Es que, de verdad me hacía sentir bien. No parecer bien. De hecho, no recuerdo haber comentado con alguien esa actividad, excepto con mi familia. Era tanto lo que obtenía al hacer el servicio y tan mío, tan íntimo, que no deseaba compartirlo. No hubo un miércoles, durante los siete años que asistí, que no saliera de los Remedios contenta, ligera y con un sentimiento que creo se parece a lo que dicen, es la felicidad. Nunca pude entenderlo. ¡A quién puede hacerle feliz lavar trastos grasientos!

Había un momento que era especialmente gozoso y pacificador. De tres a cuatro se cierran los accesos al templo y sus galerías. Entonces adentro todo se vuelve silencio. Uno refrescante gracias a los gruesos muros de piedra. Ese silencio, roto sólo por el gorjeo y el aleteo de las palomas y el agua de la fuente, se vuelve música que serena el alma. Así me gusta recordarlo.

A veces no sé si soy yo o es el mundo. Pero siempre me las arreglo para echar a perder lo que de bueno llega a mi vida y esta no fue la excepción. Asistir al servicio me permitió, si no conocer profundamente, sí darme cuenta de cómo son las tripas de la iglesia, qué la sostiene. Hay detrás el trabajo de varias congregaciones, laicas y no. Gente que dedica mucho tiempo a mantener vivo el catolicismo, no necesariamente el cristianismo. Pero eso es otro asunto. Resulta que, a días de celebrarse la elección presidencial del 2006, llegó nuestra jefa, la encargada de la pastoral social de la parroquia, perteneciente ella a la congregación de los Catecúmenos, cercanos a los Legionarios de Cristo. Muchachas, -nos dijo, mientras repartía unos trípticos con propaganda- sí saben que va a haber votaciones, ¿verdad? Tienen que ir a votar por Calderón ¿eh? Esa es la orden. Hablen con sus familiares y conocidos. Hay que impedir como sea que llegue el loco ese, el Obrador… Ah, ¿Sí, y por qué?, le pregunté ya suficientemente encabronada. Cómo por qué, Eva. ¡Es comunista! ¡Quiere quitarnos las casas, como en Venezuela! ¡Y quiere aprobar el aborto!… Ay.

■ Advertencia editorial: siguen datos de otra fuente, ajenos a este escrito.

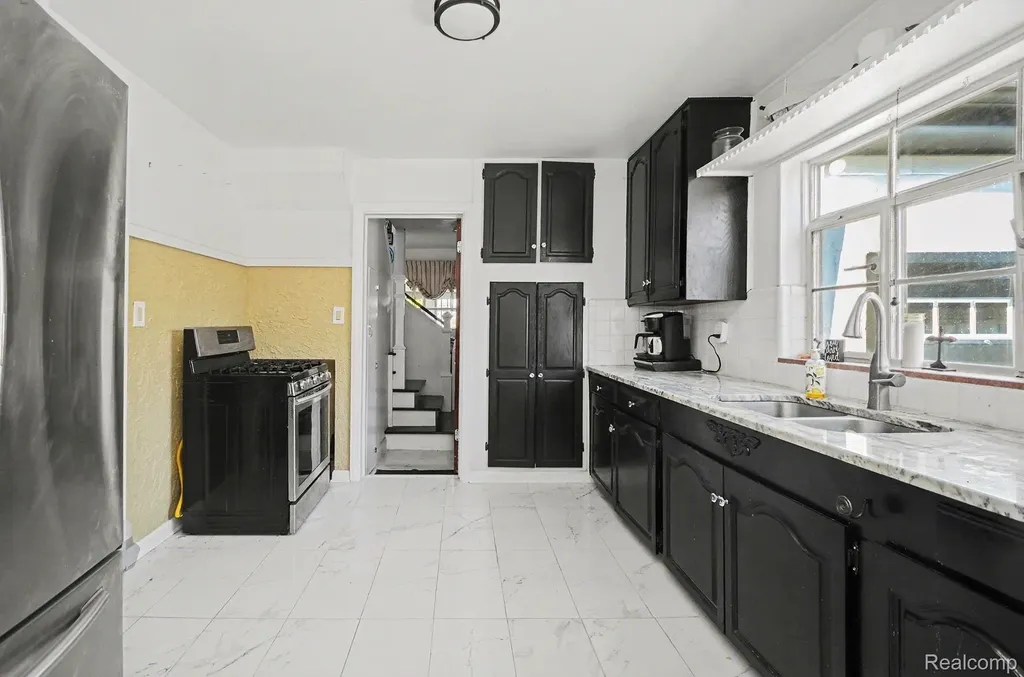 20501 Shady Lane Avenue St. Clair Shores City MI 48080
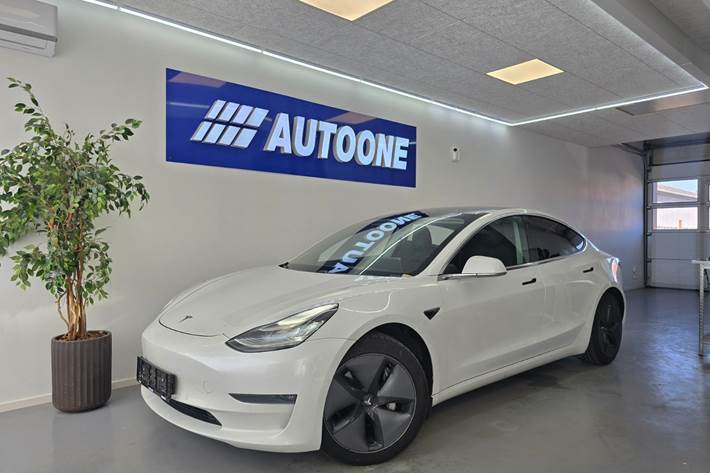 Hvid Tesla Model 3 fra 2020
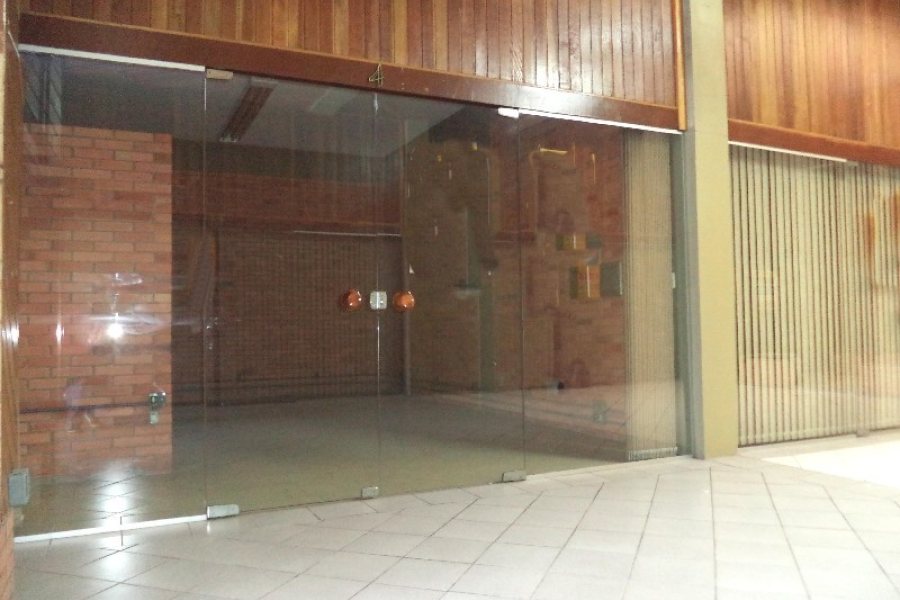 Loja com 30m², no bairro De Lazzer em Caxias do Sul para Alugar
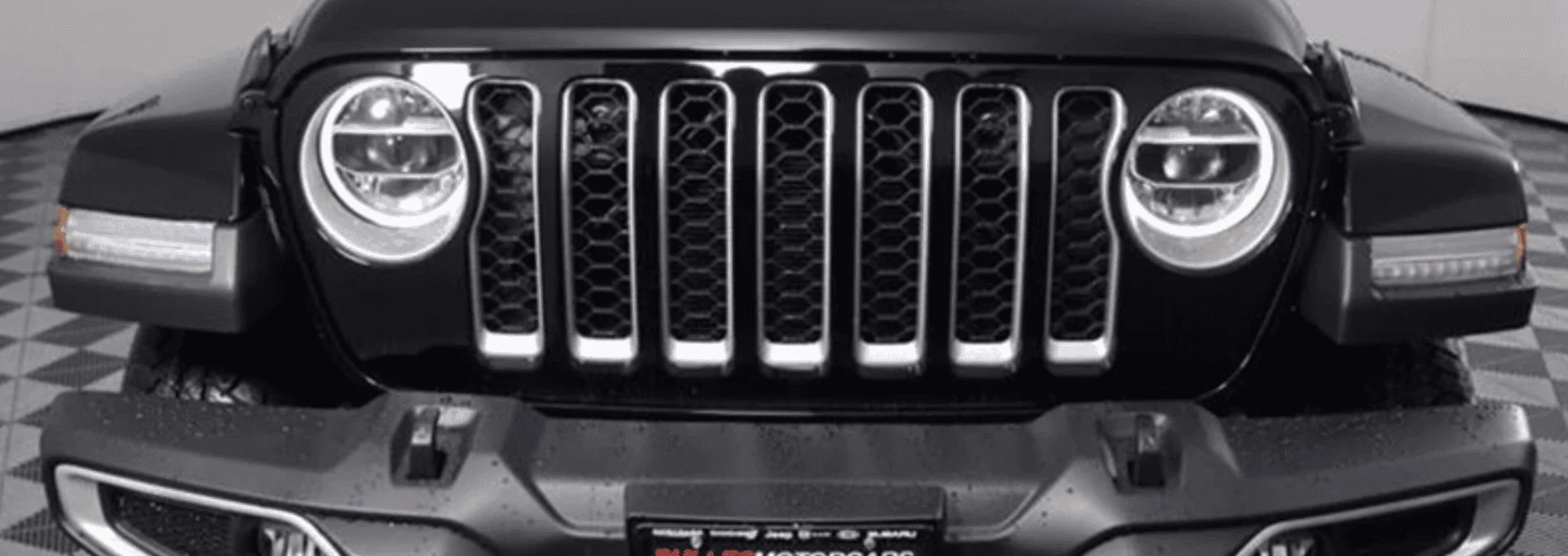 Jeep Gladiator Can the Overland, silver headlight bezels, and silver grill surrounds be installed in the satin black MOPAR GRILL? 1597538685320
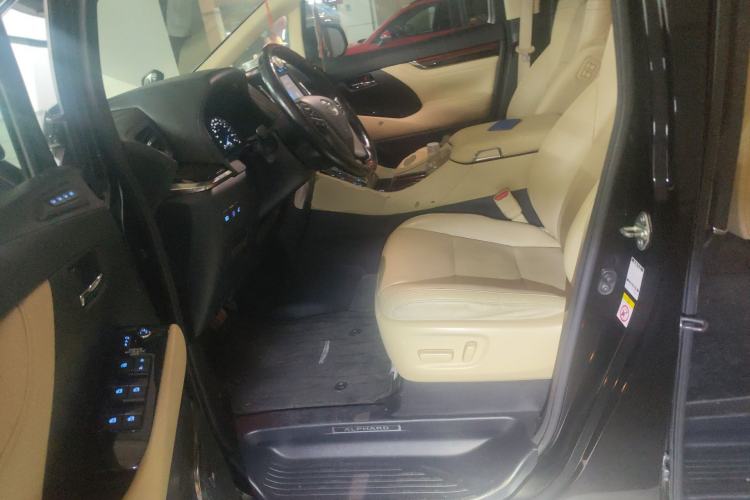 Used Toyota Alphard 2015 3.5L Luxury Edition
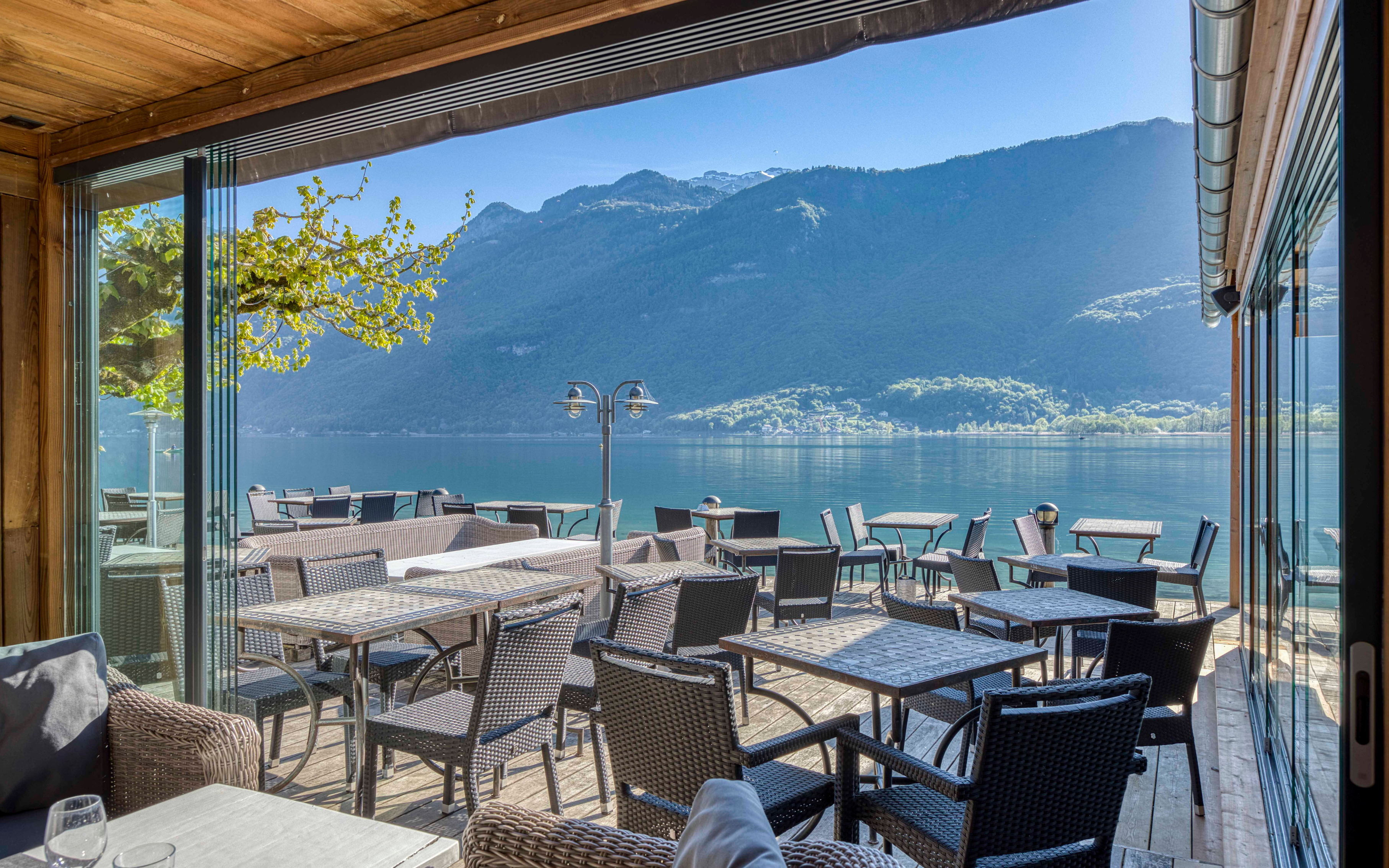 Fermeture d'un restaurant sur le Lac d'Annecy vitrage Proline S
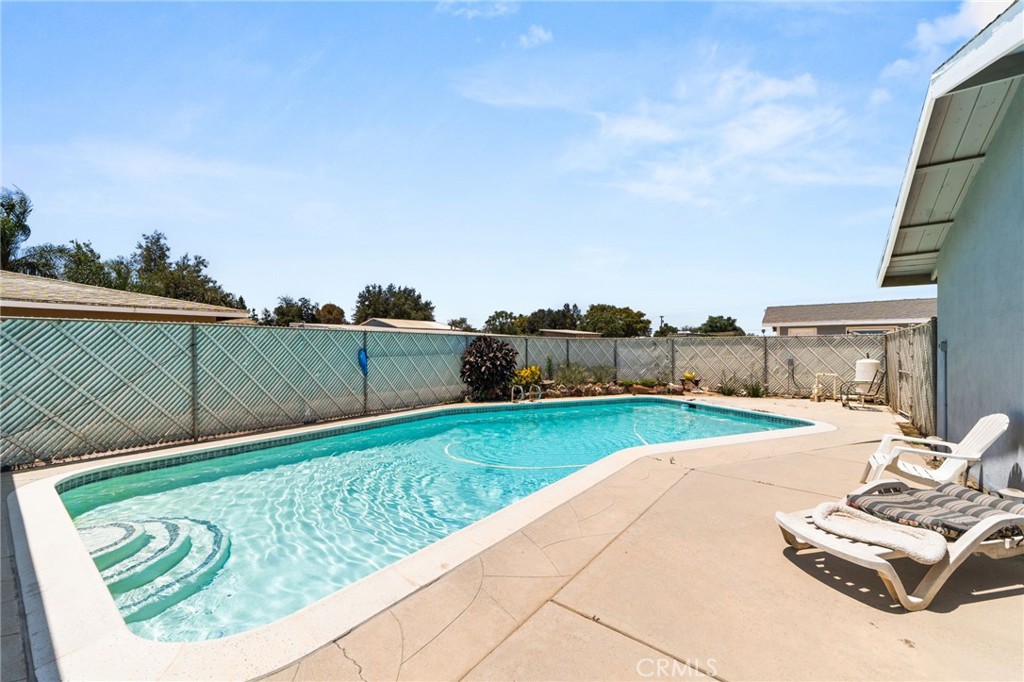 4560 Center Property Photo 24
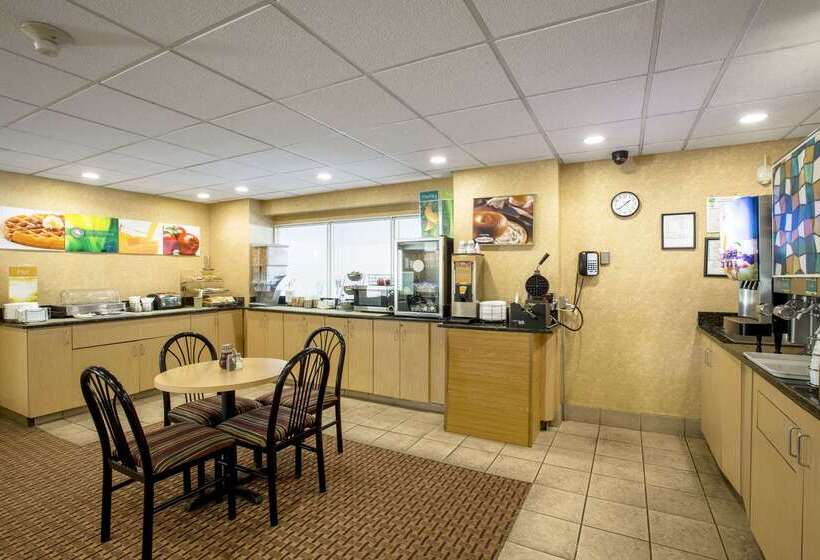 هتل Quality Inn & Suites Near I480 And I29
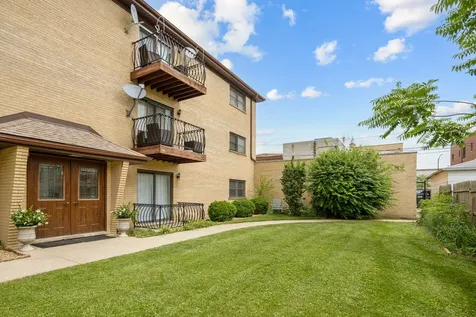 2545 North 72nd Court Elmwood Park IL 60707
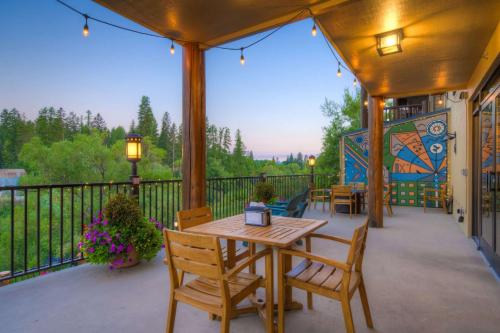 The Pine Lodge on Whitefish River, Ascend Hotel Collection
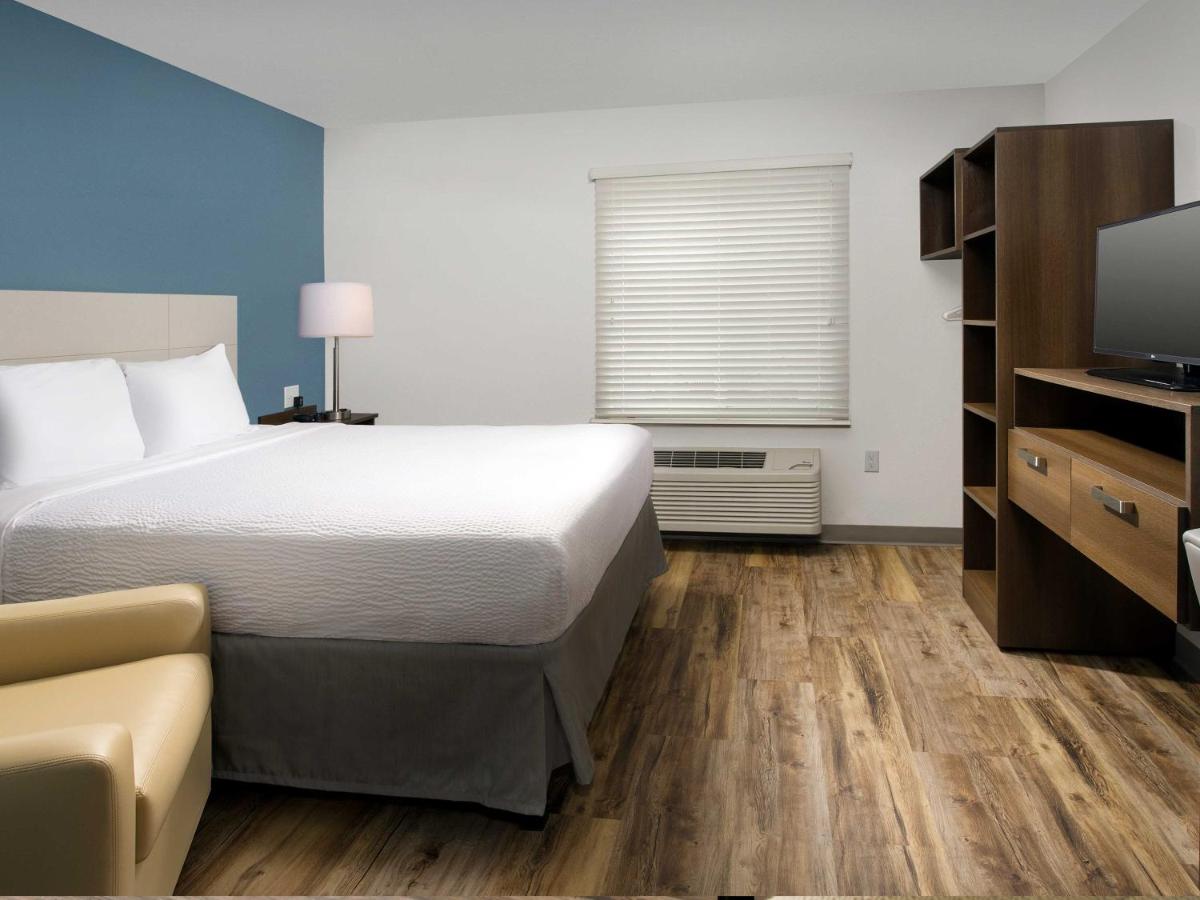 Standard Queen Room - Non-Smoking at Extended Stay America Suites - Minneapolis - Airport - Mendota Heights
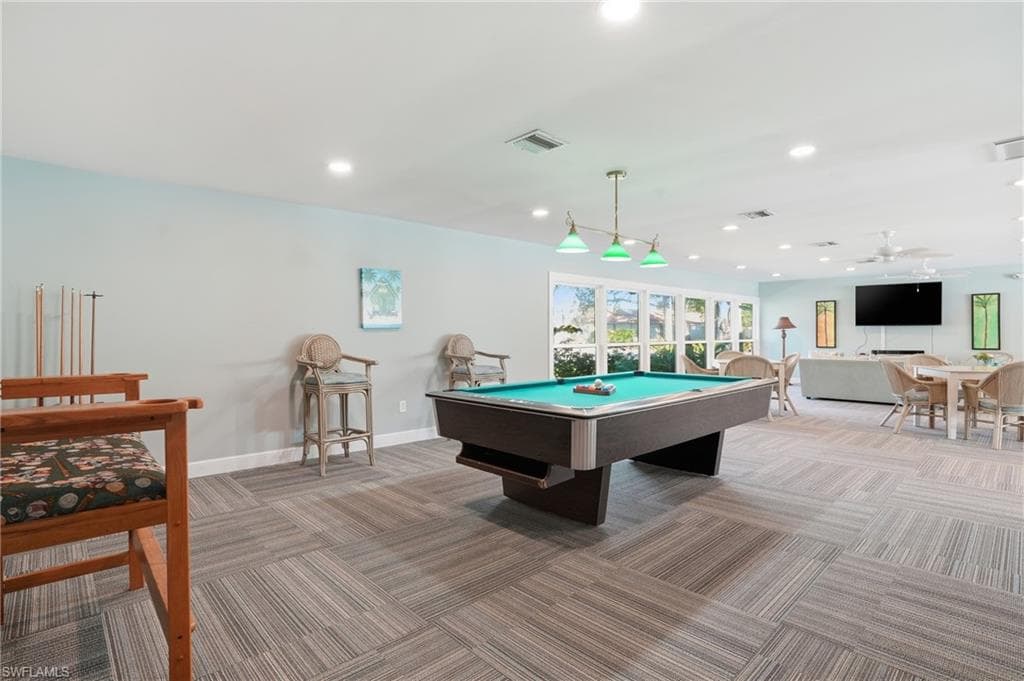4251 Island CIR 7-32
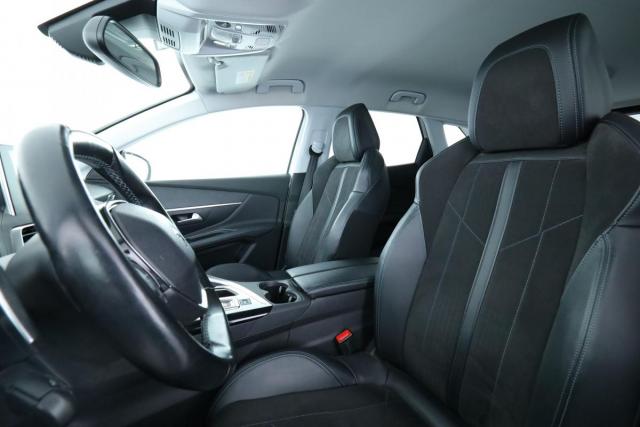 Peugeot 3008 image 8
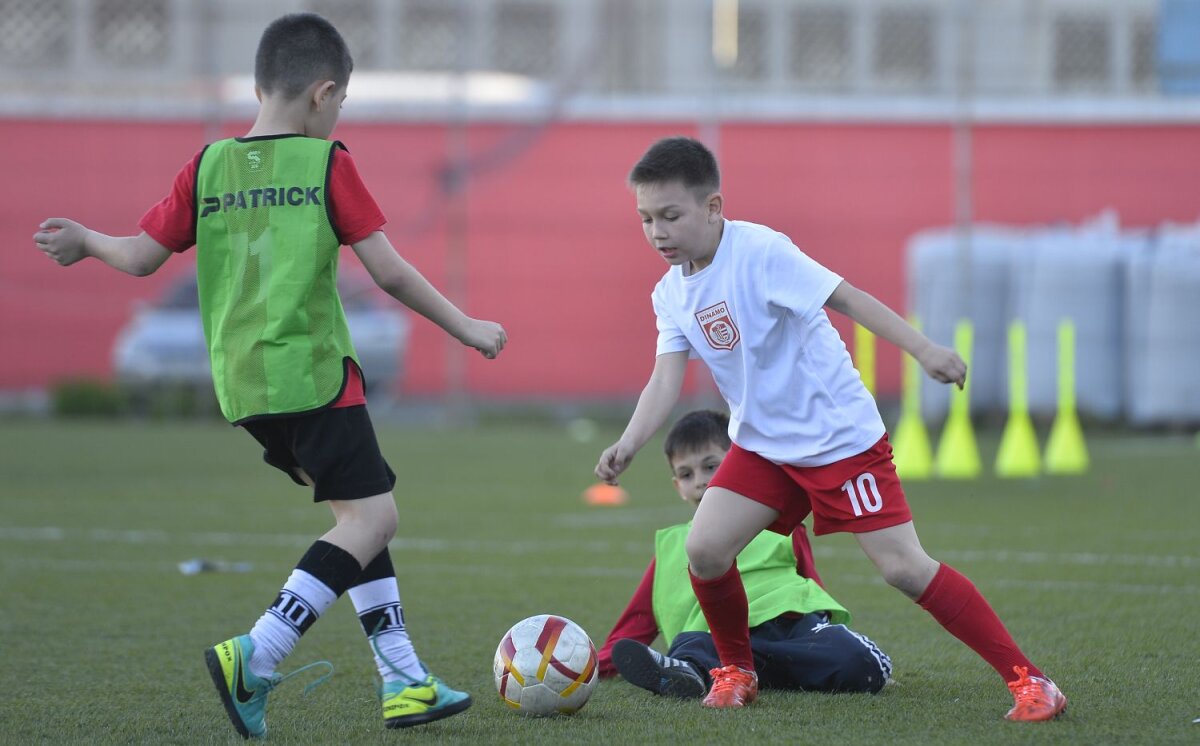 Galerie FOTO "Copiii" lui Badea » Gazeta a fost în vizită la grupele de juniori ale CS Dinamo: cine e ”Lăcătuș” din Groapă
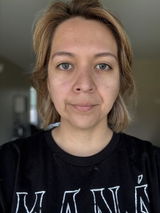 M**o review photo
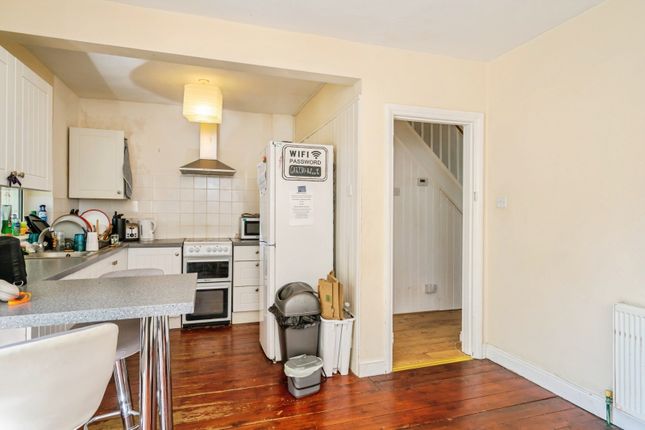 11, Clifton Road, West Sussex photo 3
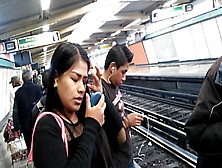 Chica Morena En El Metro,  Que Hermosa Eres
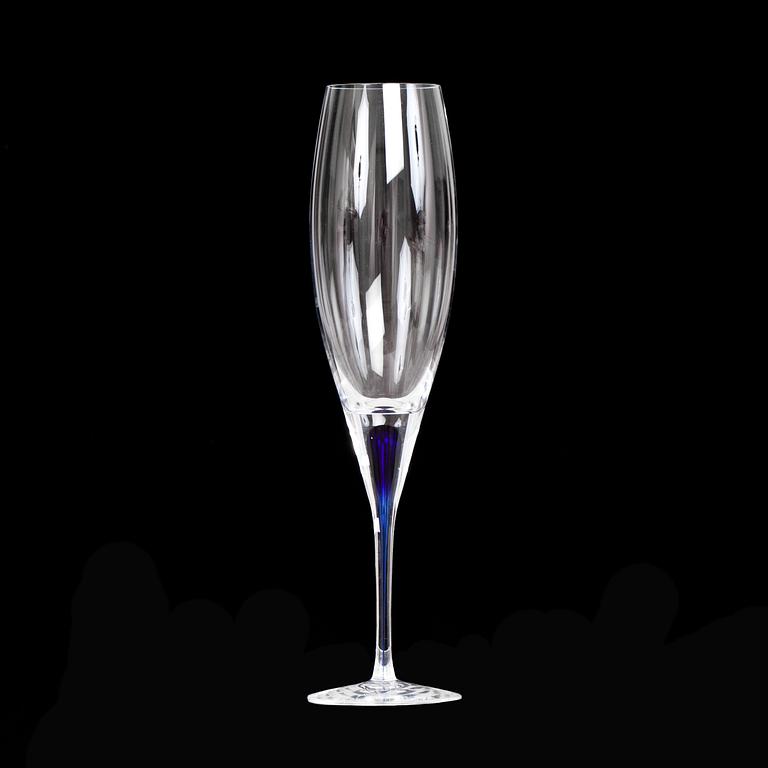 CHAMPAGNEGLAS, 12 st. "Intermezzo" design Marika Lagerbielke. Orrefors.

Yo ya veía rojo. No recuerdo qué tanto le dije, pero sí que aludí al laicismo y que amenacé con denunciar que la iglesia se estaba metiendo en la política. No denuncié nada, pero ella sí me corrió.

Así fue como mi camino a la paz y la serenidad por la vía de la reconciliación con mi religión de origen, buscada a lo largo de siete años, se fue al caño en diez minutos.

Pd. Este no es un texto de ficción, aunque lo parezca. El parecido con la actualidad es mera reincidencia.